‘For God has not called us for impurity, but in holiness.’
1 Thessalonians 4:7
Whether or not you’ve read much by Sigmund Freud, you’ll have been impacted by his thought. There’s few people who did more in the 20th Century to shape the ideologies of the global West.
Freud had an idea, that humankind was locked in a struggle between their human desires, and the norms of society.1
On the one hand, Freud argued, our bodies want things—like food and security and sex. With sex offering the most intense experience of pleasure he could think of, he (notoriously) focused much of his writing here. Mental wellbeing, for Freud, came from maximum fulfilment of bodily desires.

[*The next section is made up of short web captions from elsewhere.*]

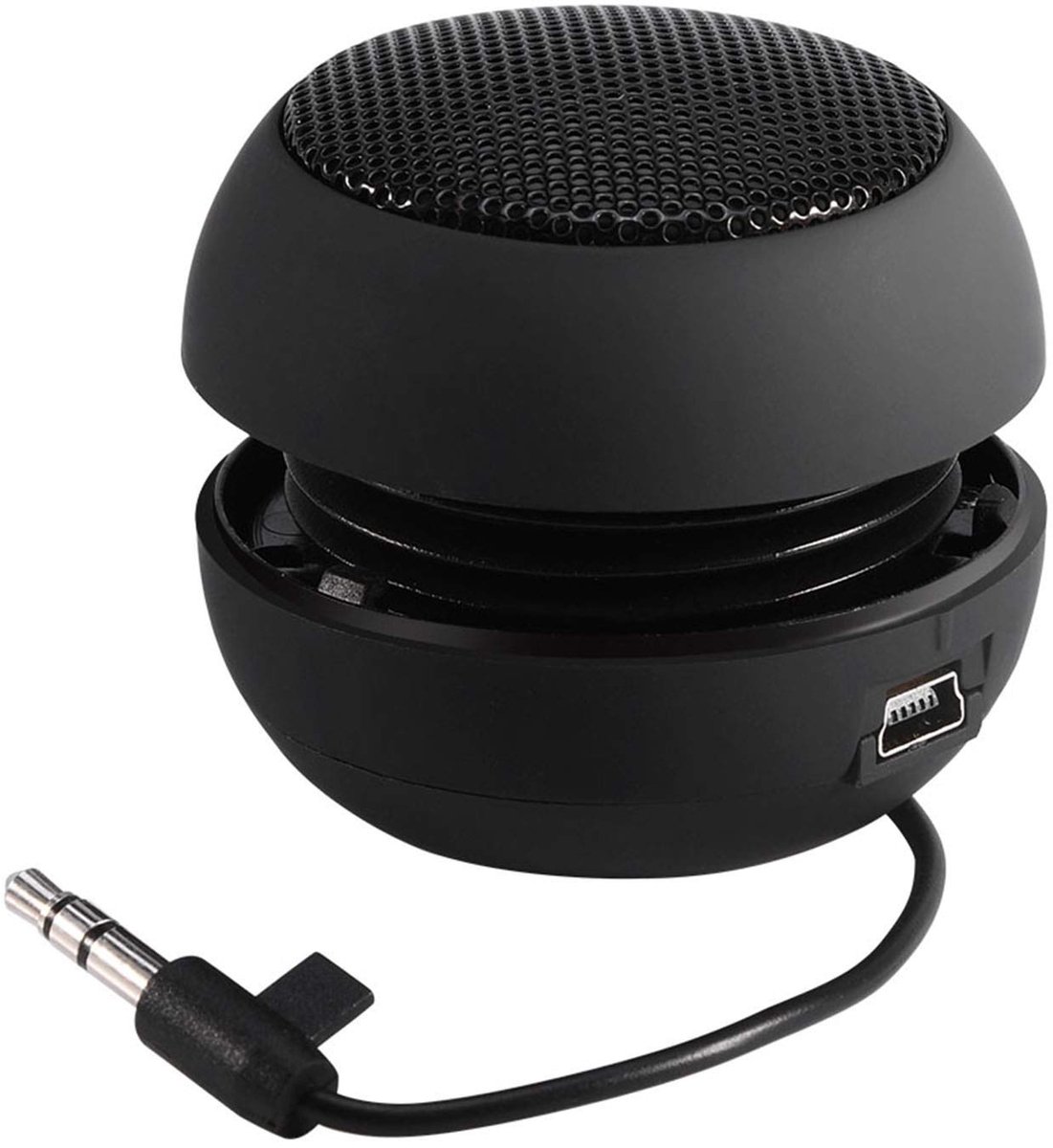 Mini-luidsprekers met jackplug, draagbare mini-reisluidspreker met 3,5 mm aansluiting voor telefoon, ingebouwde batterij voor mobiele telefoon, mp3-speler en pc, oplaadbare luidsprekers met stekker voor telefoon (zwart)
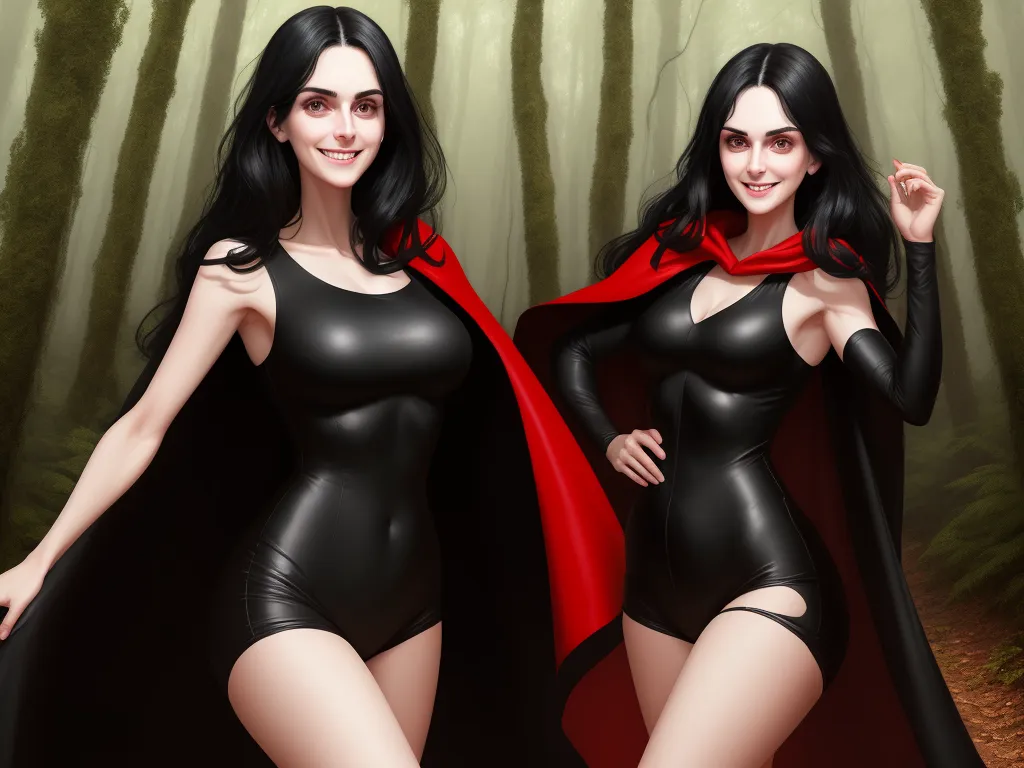 ai text to photo - a woman in a black dress and a red cape standing in a forest with trees and leaves behind her, by Lois van Baarle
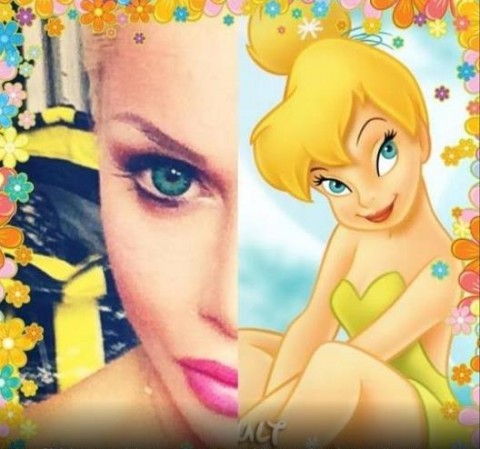 Para conquistar os olhos azuis da personagem Sininho, a modelo passou por uma dolorosa cirurgia nos olhos.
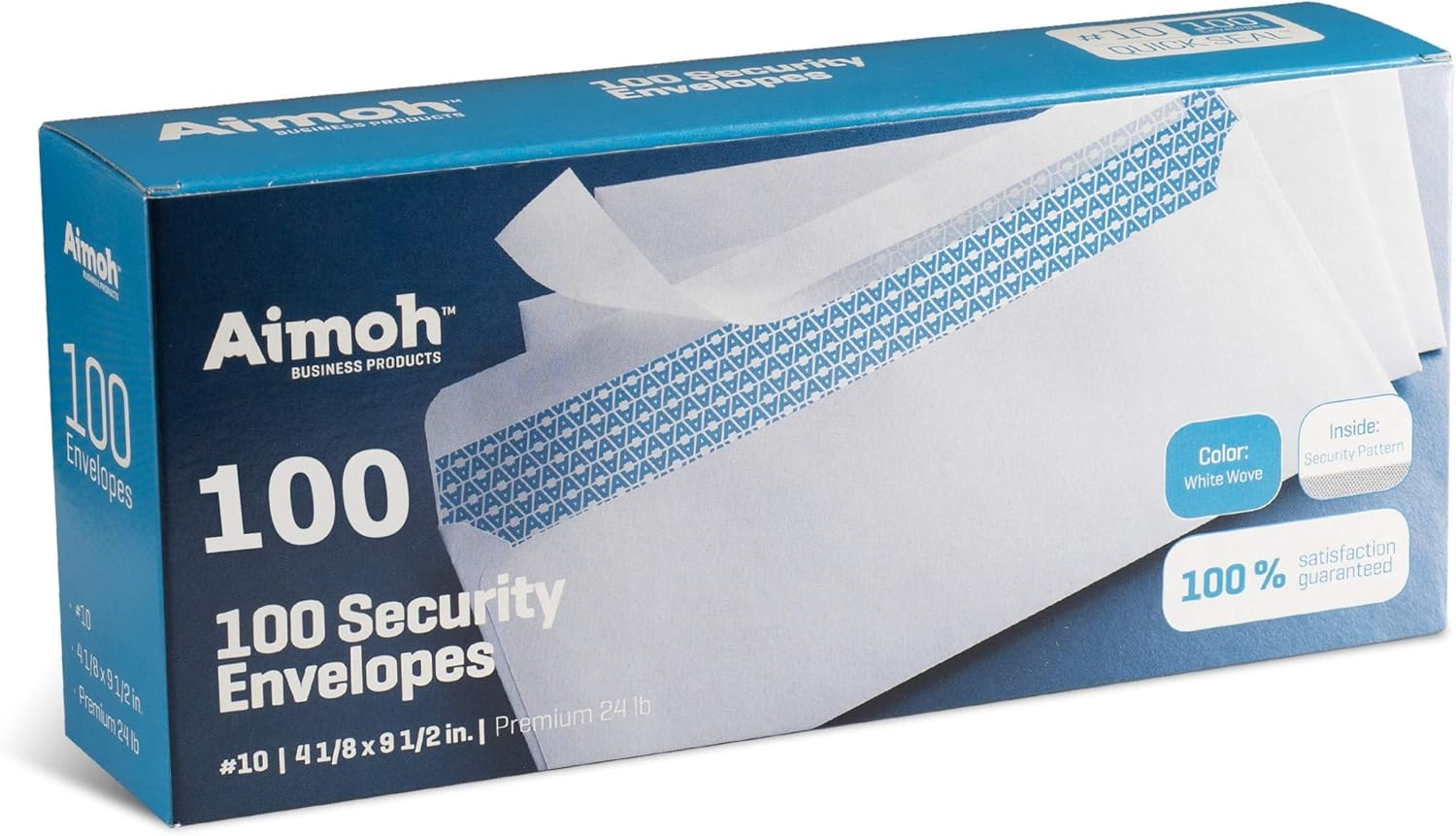 Aimoh #10 Security Self Seal Envelopes ‰ÛÒ 100 Qty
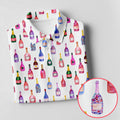 Champagne Bottles Seamless Pattern Watercolor Style Retro Golf Shirt, Polo Shirts For Men, Golf Shirts For Men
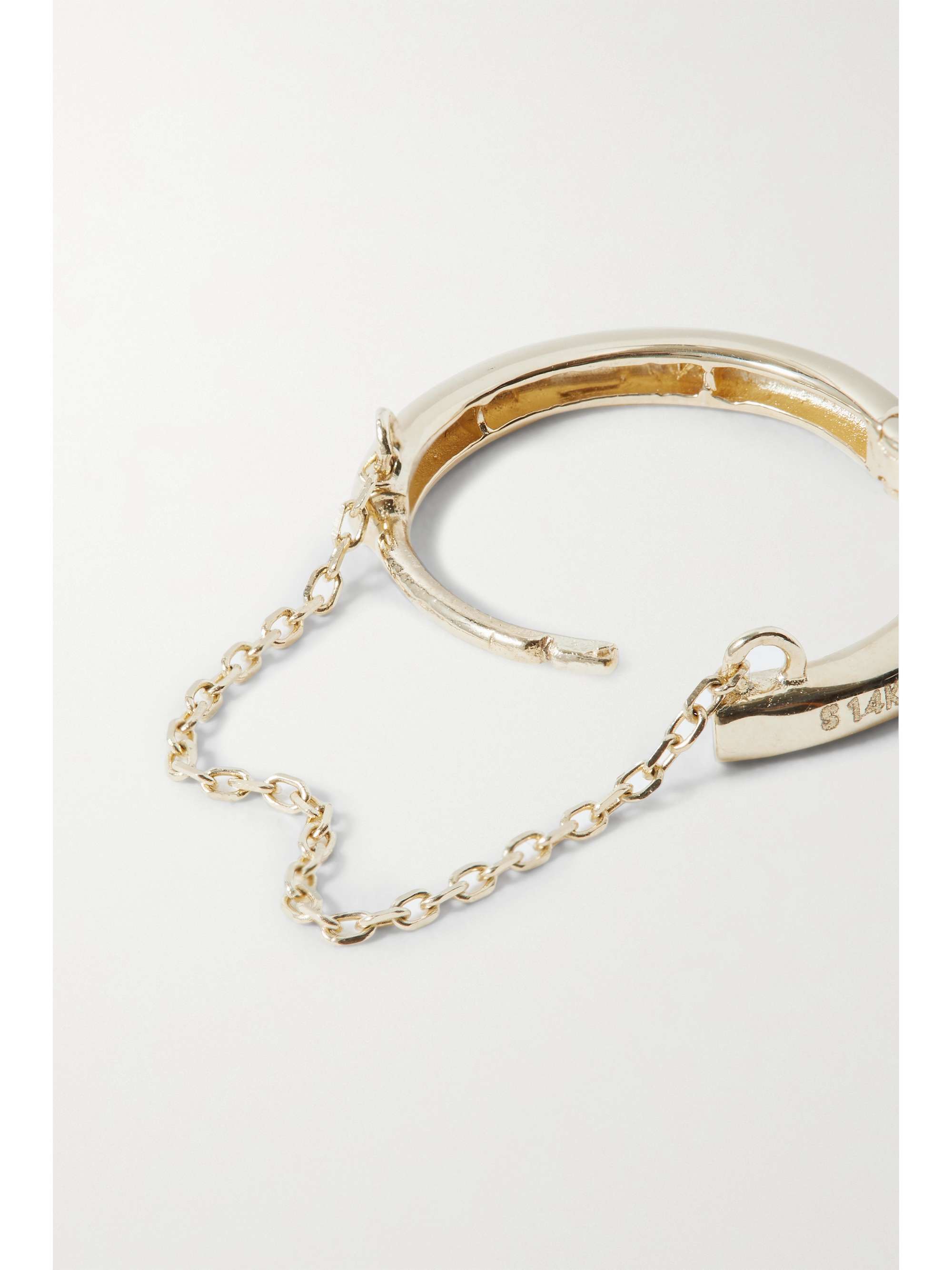 STONE AND STRAND Chain Reaction gold single hoop earring NETAPORTER US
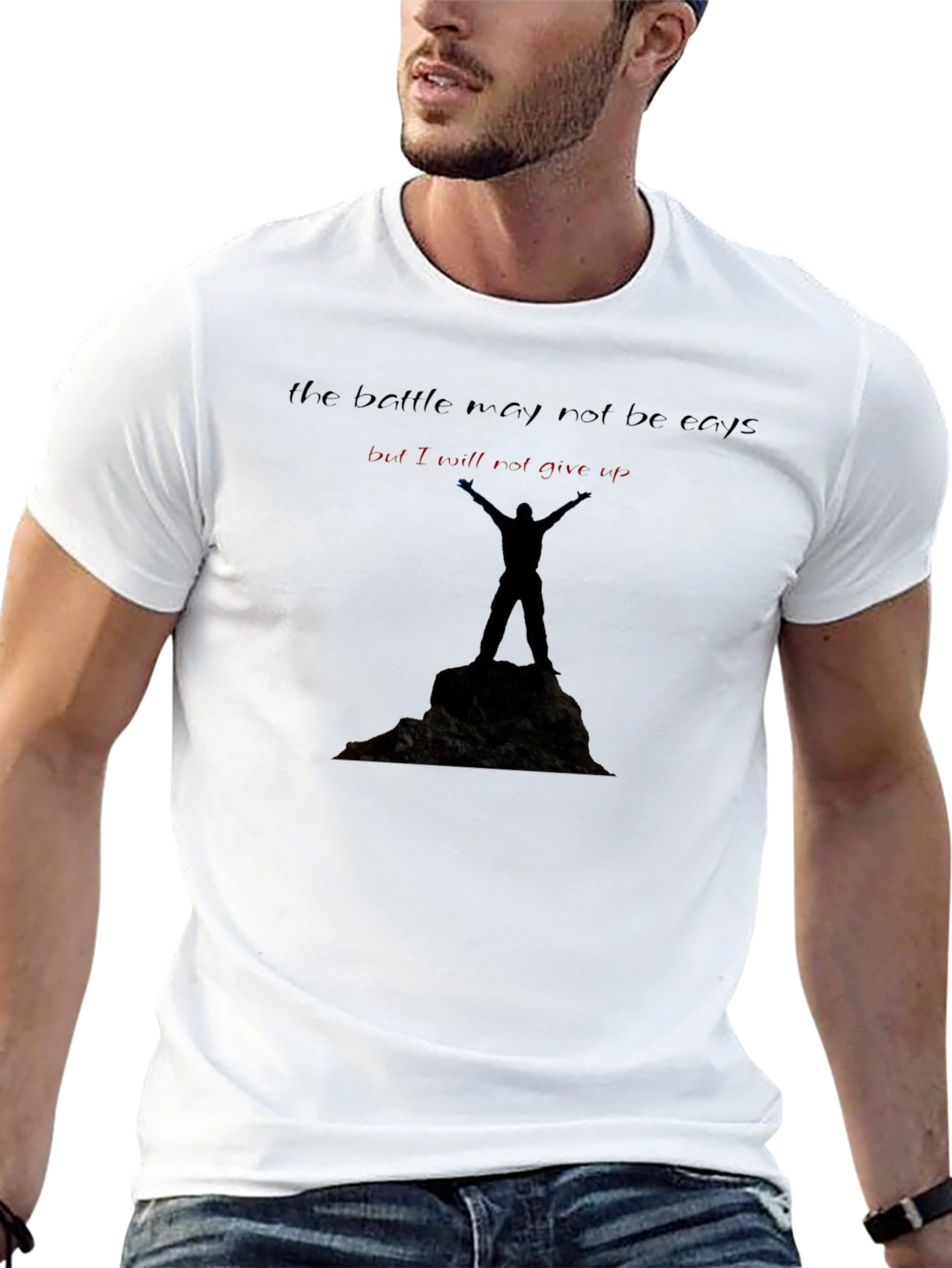 Motivational Graphic T-Shirt: Never Give Up!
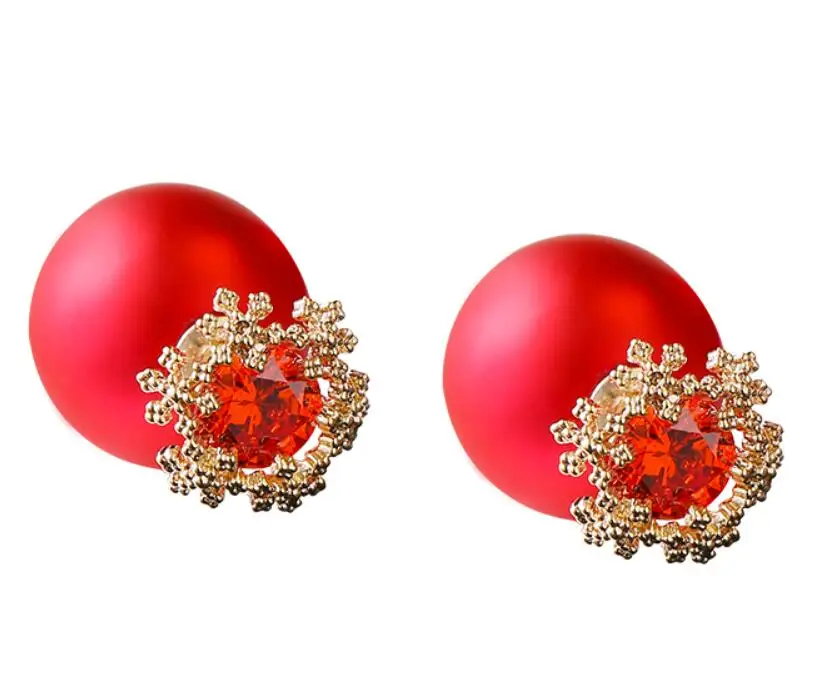 

Red Crystal Fashion Plush Ball Earrings For Women Korean Velvet Round gold snowflake Earrings Gift Jewelry Statement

However, civilisation pushed back. Freud recognised that you can’t have a civilisation where everybody runs around fulfilling every desire that they have. It would be chaos. Civilisational order requires some rules and limitations. But Freud argued that these societal norms (including the the nuclear family, and religion) were excessive and damaging, and that this repression of our natural human desires led to a great variety of mental health problems. In particular, Christianity’s call for ‘holiness’ was a particular source of this destructive repression.
It’s not difficult to see how strongly Freud’s ideas now shape our cultural worldview.
Express yourself. Follow your heart. You do you. Do as you feel.
The Sexual Revolution onwards has been a massive social experiment in the ideas of Freud. If Freud was correct, it should have led to a liberated humankind, casting off the religious shackles of medieval man, unleashing our repressed desires, and leading to a huge boost to our mental wellbeing.
It’s not difficult to see that the experiment has been a catastrophe. We’re not happier. Our mental health is not better. Quite the opposite.
And yet Freud’s error wasn’t so much in that he was all wrong. It was more that he was only half right.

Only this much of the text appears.